§ Your instructions
Every line from the one with "delicious bbq lunch" through the final line of the data below goes in the answer, copied exactly. Pictures do not.

§ Source data
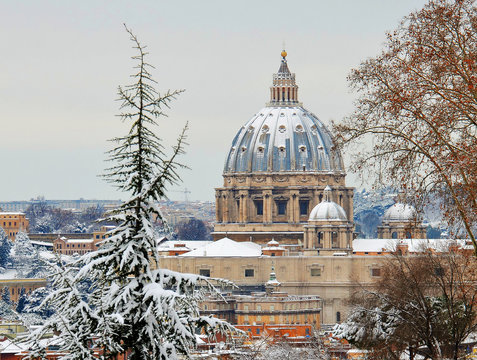 saint peter basilica after snowfall at rome panorama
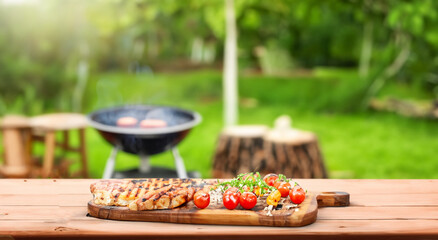 delicious bbq lunch on top of a table with a park background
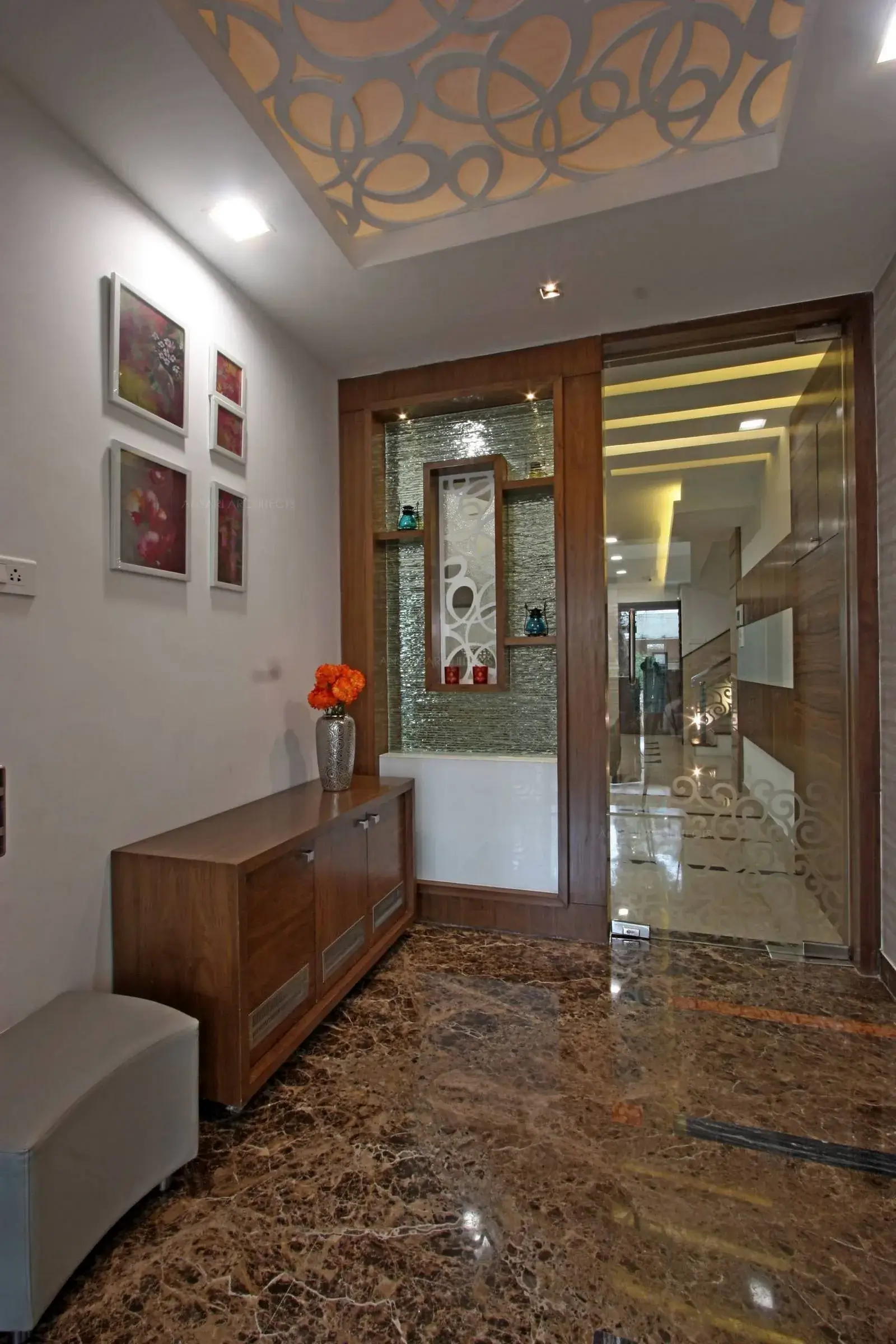 The Entrance lobby with glass display unit for ornamentations. The ceiling creates a rhythmic pattern with highlighting spot lights. Every piece of art is sourced and carefully selected.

§ Response area
 delicious bbq lunch on top of a table with a park background
 The Entrance lobby with glass display unit for ornamentations. The ceiling creates a rhythmic pattern with highlighting spot lights. Every piece of art is sourced and carefully selected.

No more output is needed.